Kamil stated that more than 13,000 homes had been severely damaged and were evacuated. However, thousands remained awake at night fearing the aftershocks.

Cargo trucks transporting food, blankets, and other supplies from Jakarta, arrived in temporary shelters on Tuesday morning.

Many waited outside the Cianjur Regional Hospital for treatment.

“I was inside my office building. Although the building was not damaged by the earthquake, many items fell as it shook strongly. Dwi Sarmadi, a worker for an Islamic educational foundation in a nearby district, said that his leg was affected by heavy stuff.

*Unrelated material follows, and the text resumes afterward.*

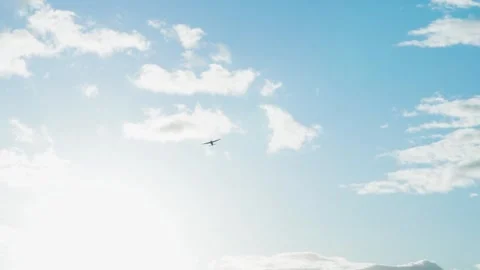 Shot of Cloudy Sky With Small Plane Flying By Stock Footage 300543837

After being refused treatment at several clinics, he was left waiting outside the hospital. Many others were in worse condition. He said, “I really hope that they can handle me quickly.”

Hasan, a worker in construction who goes by one name, was also taken into the hospital.

“I fainted. Hasan said that it was extremely strong. “I saw my friends running from the building to escape. It was too late for me to escape, so I was struck by the wall.

On Tuesday, President Joko Widodo visited Cianjur and promised to rebuild infrastructure including the main bridge linking Cianjur with other cities. He also pledged government assistance of up to 50 million rupees ($3,180) for each victim whose home was damaged.

After visiting survivors at shelters set up on a soccer pitch, he said: “In behalf of myself as well as the government, we would like to offer our deepest condolences”

Because of its position on the Pacific Basin fault lines and the arc of volcanic eruptions in the region known as the “Ring of Fire”, the country of more than 269 million people is often struck by earthquakes, volcanic eruptions, and tsunamis.

A magnitude-6.2 earthquake in West Sumatra province killed at least 25 people and left more than 460 injured. A magnitude-6.2 earthquake in West Sulawesi province killed over 100 people and left nearly 6,500 others injured.

In 2004, 230,000 people were killed in an Indian Ocean tsunami and earthquake. Most of these victims were in Indonesia.